Since plaintiff is asserting that the defendant's decision not to defend or indemnify was made in bad faith, plaintiff is entitled to discover those parts of the defendant's claim file pertaining to its decision not to provide a defense to the state-court action, as distinguished from its defense of the present lawsuit. In this context, this distinction is necessarily somewhat blurred. The defendant has submitted all of the withheld documents to this Court for in-camera review, and has provided plaintiff's counsel with redacted versions of the documents. I have carefully reviewed all of the un-redacted documents, and have reached the following conclusions:
(1) All of the documents are entirely consistent with the legal position repeatedly expressed by the defendant, and well known to plaintiff, namely, that the injured party was an employee of the plaintiff, and that it would be appropriate to deny coverage;
(2) There is nothing in any of the withheld documents which would be of significant assistance to the plaintiff in this action;
(3) On the other hand, disclosure of the documents to plaintiff's counsel seems quite unlikely to prejudice the defendant in any way.

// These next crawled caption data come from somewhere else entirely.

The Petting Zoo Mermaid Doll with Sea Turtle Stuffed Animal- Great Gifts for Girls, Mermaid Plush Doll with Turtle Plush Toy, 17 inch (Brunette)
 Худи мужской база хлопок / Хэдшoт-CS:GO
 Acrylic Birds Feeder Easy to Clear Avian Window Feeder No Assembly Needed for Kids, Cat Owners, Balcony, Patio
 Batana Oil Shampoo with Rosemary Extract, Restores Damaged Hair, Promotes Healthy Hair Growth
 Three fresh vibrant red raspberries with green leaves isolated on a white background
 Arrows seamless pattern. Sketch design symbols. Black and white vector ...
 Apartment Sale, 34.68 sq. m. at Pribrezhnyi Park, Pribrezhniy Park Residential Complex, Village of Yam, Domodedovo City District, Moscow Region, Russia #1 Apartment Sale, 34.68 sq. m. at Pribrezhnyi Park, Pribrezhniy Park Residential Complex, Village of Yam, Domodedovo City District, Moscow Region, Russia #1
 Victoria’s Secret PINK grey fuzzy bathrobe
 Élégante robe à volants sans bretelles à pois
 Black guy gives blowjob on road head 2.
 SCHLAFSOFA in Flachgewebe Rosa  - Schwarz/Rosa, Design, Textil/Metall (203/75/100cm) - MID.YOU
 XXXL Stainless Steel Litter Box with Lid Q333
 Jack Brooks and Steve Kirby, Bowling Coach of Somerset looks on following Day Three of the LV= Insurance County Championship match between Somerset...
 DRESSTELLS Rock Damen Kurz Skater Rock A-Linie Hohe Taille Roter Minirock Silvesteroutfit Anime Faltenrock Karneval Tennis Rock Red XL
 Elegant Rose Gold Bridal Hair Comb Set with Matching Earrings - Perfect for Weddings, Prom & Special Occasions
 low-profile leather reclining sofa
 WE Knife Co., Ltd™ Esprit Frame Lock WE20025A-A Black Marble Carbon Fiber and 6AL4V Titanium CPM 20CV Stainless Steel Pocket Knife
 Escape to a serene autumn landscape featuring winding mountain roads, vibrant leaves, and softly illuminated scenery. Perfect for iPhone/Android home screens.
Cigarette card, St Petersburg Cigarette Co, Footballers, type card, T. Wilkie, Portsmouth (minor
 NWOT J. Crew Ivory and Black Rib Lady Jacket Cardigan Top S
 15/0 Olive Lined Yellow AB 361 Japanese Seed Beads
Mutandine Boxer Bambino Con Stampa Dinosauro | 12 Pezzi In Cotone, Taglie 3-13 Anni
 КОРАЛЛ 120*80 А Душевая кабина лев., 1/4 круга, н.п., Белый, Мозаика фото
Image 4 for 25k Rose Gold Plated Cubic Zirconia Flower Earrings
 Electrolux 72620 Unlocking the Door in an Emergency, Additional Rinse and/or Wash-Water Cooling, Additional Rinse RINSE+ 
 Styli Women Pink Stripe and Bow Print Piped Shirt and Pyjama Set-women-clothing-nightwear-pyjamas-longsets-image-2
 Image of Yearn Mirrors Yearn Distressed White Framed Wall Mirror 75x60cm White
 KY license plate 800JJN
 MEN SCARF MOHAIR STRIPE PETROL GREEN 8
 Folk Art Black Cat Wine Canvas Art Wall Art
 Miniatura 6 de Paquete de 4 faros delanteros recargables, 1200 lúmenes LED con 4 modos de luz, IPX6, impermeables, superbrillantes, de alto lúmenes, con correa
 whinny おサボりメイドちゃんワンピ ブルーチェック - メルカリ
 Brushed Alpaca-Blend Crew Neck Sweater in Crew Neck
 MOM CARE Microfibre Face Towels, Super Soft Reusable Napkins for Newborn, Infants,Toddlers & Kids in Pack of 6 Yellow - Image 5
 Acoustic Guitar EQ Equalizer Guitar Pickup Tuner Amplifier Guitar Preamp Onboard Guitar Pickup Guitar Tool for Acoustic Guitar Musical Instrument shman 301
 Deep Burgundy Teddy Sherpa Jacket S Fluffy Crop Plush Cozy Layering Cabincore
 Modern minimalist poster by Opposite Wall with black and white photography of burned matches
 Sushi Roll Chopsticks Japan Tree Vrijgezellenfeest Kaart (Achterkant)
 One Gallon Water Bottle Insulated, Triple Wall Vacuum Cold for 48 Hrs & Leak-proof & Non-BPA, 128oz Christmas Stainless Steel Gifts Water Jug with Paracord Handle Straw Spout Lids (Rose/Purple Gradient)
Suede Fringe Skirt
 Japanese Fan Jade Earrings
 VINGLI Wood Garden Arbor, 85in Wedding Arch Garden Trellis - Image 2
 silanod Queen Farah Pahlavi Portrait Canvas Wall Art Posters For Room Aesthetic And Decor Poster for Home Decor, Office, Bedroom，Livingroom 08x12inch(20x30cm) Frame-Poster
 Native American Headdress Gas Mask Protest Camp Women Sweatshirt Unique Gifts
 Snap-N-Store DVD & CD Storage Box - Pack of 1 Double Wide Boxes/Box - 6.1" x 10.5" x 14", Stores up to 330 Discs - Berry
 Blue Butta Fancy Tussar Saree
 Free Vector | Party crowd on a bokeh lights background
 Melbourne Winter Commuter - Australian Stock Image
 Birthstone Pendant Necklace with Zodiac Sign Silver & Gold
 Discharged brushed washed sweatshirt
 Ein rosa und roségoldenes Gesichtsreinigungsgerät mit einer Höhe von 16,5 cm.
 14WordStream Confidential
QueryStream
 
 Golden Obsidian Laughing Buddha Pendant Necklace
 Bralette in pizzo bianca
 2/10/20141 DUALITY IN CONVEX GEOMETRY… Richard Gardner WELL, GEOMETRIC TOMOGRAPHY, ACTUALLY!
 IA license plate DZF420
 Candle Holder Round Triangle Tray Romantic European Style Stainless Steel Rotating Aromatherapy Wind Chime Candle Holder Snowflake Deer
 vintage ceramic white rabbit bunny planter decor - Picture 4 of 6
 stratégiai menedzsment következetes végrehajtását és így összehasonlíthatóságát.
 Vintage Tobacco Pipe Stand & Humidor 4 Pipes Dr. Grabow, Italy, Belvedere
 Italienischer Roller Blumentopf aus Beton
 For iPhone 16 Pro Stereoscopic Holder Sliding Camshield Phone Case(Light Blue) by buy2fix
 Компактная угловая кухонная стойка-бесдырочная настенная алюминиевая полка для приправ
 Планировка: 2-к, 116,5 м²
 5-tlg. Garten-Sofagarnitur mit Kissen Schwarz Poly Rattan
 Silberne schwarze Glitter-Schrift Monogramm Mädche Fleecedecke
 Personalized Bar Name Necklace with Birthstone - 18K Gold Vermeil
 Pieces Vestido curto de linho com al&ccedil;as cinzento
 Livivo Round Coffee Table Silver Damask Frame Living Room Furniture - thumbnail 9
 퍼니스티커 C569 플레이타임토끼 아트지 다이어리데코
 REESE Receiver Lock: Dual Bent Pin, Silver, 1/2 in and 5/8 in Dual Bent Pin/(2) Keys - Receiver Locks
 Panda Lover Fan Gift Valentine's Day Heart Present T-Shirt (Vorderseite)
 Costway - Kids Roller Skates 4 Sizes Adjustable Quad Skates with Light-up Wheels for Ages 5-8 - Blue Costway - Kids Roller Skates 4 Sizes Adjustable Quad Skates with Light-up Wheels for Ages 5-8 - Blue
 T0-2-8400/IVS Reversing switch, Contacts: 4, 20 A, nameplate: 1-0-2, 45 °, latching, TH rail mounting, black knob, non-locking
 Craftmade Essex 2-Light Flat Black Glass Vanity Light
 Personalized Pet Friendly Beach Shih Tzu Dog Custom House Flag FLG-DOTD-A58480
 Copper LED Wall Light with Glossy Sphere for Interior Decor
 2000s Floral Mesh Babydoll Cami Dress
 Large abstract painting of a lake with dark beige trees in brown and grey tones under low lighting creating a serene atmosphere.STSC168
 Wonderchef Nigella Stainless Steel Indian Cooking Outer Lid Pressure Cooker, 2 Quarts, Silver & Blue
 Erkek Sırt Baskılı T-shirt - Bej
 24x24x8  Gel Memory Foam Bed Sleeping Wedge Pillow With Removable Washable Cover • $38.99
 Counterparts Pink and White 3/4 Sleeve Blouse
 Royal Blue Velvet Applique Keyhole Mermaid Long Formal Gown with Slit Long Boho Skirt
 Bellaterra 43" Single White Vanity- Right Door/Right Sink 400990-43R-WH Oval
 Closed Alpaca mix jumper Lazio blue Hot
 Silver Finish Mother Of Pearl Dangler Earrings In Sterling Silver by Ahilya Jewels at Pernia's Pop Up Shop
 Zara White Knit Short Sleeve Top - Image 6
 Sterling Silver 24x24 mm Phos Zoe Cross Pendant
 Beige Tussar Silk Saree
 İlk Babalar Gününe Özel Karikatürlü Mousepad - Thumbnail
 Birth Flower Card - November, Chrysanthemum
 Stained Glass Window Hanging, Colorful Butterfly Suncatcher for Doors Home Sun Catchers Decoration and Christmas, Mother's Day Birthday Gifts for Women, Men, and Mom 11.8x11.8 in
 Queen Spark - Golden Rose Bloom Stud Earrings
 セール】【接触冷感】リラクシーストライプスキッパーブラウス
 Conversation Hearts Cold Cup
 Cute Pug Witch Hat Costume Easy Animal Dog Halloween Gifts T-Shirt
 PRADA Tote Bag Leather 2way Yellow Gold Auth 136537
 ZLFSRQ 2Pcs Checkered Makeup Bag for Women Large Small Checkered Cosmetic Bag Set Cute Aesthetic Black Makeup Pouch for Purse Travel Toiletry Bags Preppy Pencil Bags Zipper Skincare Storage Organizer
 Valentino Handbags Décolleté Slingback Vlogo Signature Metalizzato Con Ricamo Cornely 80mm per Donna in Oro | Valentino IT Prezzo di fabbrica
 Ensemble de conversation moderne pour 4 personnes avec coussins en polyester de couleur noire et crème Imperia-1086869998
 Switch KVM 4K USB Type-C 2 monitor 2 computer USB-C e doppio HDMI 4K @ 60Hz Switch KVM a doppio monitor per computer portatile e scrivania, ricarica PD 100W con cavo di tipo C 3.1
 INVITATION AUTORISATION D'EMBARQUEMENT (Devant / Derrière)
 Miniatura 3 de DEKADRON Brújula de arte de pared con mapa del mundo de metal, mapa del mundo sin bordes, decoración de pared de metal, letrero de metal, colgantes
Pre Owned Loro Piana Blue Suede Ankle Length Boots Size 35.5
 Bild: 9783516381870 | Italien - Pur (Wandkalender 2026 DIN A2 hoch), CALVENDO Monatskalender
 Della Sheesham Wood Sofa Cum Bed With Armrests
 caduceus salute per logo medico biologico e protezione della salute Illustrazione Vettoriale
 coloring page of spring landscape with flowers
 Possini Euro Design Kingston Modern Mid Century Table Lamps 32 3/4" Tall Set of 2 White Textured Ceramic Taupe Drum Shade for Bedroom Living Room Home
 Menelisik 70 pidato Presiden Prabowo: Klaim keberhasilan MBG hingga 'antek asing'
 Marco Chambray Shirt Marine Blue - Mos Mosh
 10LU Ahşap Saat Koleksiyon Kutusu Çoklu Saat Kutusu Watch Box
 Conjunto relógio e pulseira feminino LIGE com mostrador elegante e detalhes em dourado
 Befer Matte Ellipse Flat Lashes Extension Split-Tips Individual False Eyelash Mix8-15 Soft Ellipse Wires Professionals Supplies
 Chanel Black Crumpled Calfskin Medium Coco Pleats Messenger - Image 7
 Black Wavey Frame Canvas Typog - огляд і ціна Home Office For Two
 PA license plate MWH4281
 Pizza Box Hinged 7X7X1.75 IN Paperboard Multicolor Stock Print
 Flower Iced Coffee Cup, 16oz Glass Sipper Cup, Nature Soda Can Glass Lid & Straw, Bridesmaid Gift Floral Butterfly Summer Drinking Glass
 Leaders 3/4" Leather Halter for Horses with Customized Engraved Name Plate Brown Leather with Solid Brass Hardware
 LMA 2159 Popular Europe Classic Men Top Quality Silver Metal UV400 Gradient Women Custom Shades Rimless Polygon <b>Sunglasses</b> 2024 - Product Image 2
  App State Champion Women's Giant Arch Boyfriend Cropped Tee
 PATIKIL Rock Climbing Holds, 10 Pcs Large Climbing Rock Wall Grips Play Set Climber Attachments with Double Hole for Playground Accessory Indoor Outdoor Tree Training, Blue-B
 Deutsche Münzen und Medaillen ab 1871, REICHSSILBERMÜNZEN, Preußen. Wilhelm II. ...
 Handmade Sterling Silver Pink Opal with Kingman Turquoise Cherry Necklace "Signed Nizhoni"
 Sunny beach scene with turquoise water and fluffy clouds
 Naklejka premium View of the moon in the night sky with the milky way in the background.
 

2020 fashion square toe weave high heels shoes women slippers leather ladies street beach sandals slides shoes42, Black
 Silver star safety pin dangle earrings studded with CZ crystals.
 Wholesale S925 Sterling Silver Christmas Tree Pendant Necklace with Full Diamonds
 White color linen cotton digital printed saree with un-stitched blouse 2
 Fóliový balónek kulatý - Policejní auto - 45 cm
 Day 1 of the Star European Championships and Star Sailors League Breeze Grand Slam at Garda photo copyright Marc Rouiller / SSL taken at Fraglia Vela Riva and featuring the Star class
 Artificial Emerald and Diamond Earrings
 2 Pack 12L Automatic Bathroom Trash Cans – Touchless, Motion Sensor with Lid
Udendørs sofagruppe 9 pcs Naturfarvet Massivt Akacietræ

In short, I conclude that plaintiff is not entitled to compel production of any of the withheld documents, but the defendant's action in withholding production seems rather silly. Much ado about nothing.
An Order follows.
ORDER
AND NOW, this _____ day of July 2003, upon consideration of plaintiff's second motion to compel production of documents and defendant's response, IT IS HEREBY ORDERED:
That plaintiff's motion is DENIED.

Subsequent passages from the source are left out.